Stored data entries:
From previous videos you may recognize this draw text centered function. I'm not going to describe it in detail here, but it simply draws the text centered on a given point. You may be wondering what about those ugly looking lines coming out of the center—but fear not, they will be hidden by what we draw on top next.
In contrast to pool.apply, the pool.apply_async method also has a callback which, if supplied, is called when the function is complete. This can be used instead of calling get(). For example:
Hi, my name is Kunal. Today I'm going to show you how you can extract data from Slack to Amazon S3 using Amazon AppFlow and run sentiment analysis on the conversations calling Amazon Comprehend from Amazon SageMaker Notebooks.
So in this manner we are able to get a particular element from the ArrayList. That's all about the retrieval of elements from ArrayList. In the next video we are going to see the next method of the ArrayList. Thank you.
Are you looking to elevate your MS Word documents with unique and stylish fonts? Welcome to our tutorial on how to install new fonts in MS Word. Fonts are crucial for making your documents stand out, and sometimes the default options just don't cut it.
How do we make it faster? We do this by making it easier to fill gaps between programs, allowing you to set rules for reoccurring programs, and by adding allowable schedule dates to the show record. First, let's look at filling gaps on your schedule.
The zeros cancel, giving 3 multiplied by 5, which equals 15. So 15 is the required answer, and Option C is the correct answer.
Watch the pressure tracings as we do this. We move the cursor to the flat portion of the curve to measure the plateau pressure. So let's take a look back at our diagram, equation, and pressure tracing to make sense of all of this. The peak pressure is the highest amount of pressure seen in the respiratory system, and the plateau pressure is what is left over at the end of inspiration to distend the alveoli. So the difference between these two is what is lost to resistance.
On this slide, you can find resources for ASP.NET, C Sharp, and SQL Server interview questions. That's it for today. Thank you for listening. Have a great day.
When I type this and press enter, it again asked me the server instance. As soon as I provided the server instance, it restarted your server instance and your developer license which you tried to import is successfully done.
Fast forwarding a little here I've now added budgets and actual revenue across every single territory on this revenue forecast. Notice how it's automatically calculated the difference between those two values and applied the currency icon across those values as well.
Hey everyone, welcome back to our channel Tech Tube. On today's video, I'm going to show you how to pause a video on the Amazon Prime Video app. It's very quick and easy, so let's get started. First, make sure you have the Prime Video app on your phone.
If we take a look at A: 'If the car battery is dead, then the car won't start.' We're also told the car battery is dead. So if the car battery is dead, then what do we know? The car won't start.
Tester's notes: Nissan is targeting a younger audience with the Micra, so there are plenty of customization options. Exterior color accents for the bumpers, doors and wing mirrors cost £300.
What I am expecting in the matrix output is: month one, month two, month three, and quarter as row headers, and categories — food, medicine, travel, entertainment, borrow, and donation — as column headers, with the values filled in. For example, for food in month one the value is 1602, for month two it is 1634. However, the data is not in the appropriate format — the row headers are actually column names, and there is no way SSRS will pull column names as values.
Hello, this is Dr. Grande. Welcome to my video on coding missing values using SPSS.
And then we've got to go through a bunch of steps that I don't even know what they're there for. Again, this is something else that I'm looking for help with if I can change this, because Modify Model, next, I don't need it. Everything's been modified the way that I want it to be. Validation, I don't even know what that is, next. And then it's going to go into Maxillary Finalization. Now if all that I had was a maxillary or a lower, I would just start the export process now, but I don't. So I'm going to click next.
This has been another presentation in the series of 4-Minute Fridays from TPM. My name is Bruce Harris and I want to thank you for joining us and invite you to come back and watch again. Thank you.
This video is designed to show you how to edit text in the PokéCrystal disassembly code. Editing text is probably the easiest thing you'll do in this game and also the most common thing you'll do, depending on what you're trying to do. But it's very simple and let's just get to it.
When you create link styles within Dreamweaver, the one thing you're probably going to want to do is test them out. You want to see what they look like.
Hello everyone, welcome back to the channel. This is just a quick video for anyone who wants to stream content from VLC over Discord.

What needs to be done: Repeat each of the entries above precisely as given.

Task answer:
From previous videos you may recognize this draw text centered function. I'm not going to describe it in detail here, but it simply draws the text centered on a given point. You may be wondering what about those ugly looking lines coming out of the center—but fear not, they will be hidden by what we draw on top next.
In contrast to pool.apply, the pool.apply_async method also has a callback which, if supplied, is called when the function is complete. This can be used instead of calling get(). For example:
Hi, my name is Kunal. Today I'm going to show you how you can extract data from Slack to Amazon S3 using Amazon AppFlow and run sentiment analysis on the conversations calling Amazon Comprehend from Amazon SageMaker Notebooks.
So in this manner we are able to get a particular element from the ArrayList. That's all about the retrieval of elements from ArrayList. In the next video we are going to see the next method of the ArrayList. Thank you.
Are you looking to elevate your MS Word documents with unique and stylish fonts? Welcome to our tutorial on how to install new fonts in MS Word. Fonts are crucial for making your documents stand out, and sometimes the default options just don't cut it.
How do we make it faster? We do this by making it easier to fill gaps between programs, allowing you to set rules for reoccurring programs, and by adding allowable schedule dates to the show record. First, let's look at filling gaps on your schedule.
The zeros cancel, giving 3 multiplied by 5, which equals 15. So 15 is the required answer, and Option C is the correct answer.
Watch the pressure tracings as we do this. We move the cursor to the flat portion of the curve to measure the plateau pressure. So let's take a look back at our diagram, equation, and pressure tracing to make sense of all of this. The peak pressure is the highest amount of pressure seen in the respiratory system, and the plateau pressure is what is left over at the end of inspiration to distend the alveoli. So the difference between these two is what is lost to resistance.
On this slide, you can find resources for ASP.NET, C Sharp, and SQL Server interview questions. That's it for today. Thank you for listening. Have a great day.
When I type this and press enter, it again asked me the server instance. As soon as I provided the server instance, it restarted your server instance and your developer license which you tried to import is successfully done.
Fast forwarding a little here I've now added budgets and actual revenue across every single territory on this revenue forecast. Notice how it's automatically calculated the difference between those two values and applied the currency icon across those values as well.
Hey everyone, welcome back to our channel Tech Tube. On today's video, I'm going to show you how to pause a video on the Amazon Prime Video app. It's very quick and easy, so let's get started. First, make sure you have the Prime Video app on your phone.
If we take a look at A: 'If the car battery is dead, then the car won't start.' We're also told the car battery is dead. So if the car battery is dead, then what do we know? The car won't start.
Tester's notes: Nissan is targeting a younger audience with the Micra, so there are plenty of customization options. Exterior color accents for the bumpers, doors and wing mirrors cost £300.
What I am expecting in the matrix output is: month one, month two, month three, and quarter as row headers, and categories — food, medicine, travel, entertainment, borrow, and donation — as column headers, with the values filled in. For example, for food in month one the value is 1602, for month two it is 1634. However, the data is not in the appropriate format — the row headers are actually column names, and there is no way SSRS will pull column names as values.
Hello, this is Dr. Grande. Welcome to my video on coding missing values using SPSS.
And then we've got to go through a bunch of steps that I don't even know what they're there for. Again, this is something else that I'm looking for help with if I can change this, because Modify Model, next, I don't need it. Everything's been modified the way that I want it to be. Validation, I don't even know what that is, next. And then it's going to go into Maxillary Finalization. Now if all that I had was a maxillary or a lower, I would just start the export process now, but I don't. So I'm going to click next.
This has been another presentation in the series of 4-Minute Fridays from TPM. My name is Bruce Harris and I want to thank you for joining us and invite you to come back and watch again. Thank you.
This video is designed to show you how to edit text in the PokéCrystal disassembly code. Editing text is probably the easiest thing you'll do in this game and also the most common thing you'll do, depending on what you're trying to do. But it's very simple and let's just get to it.
When you create link styles within Dreamweaver, the one thing you're probably going to want to do is test them out. You want to see what they look like.
Hello everyone, welcome back to the channel. This is just a quick video for anyone who wants to stream content from VLC over Discord.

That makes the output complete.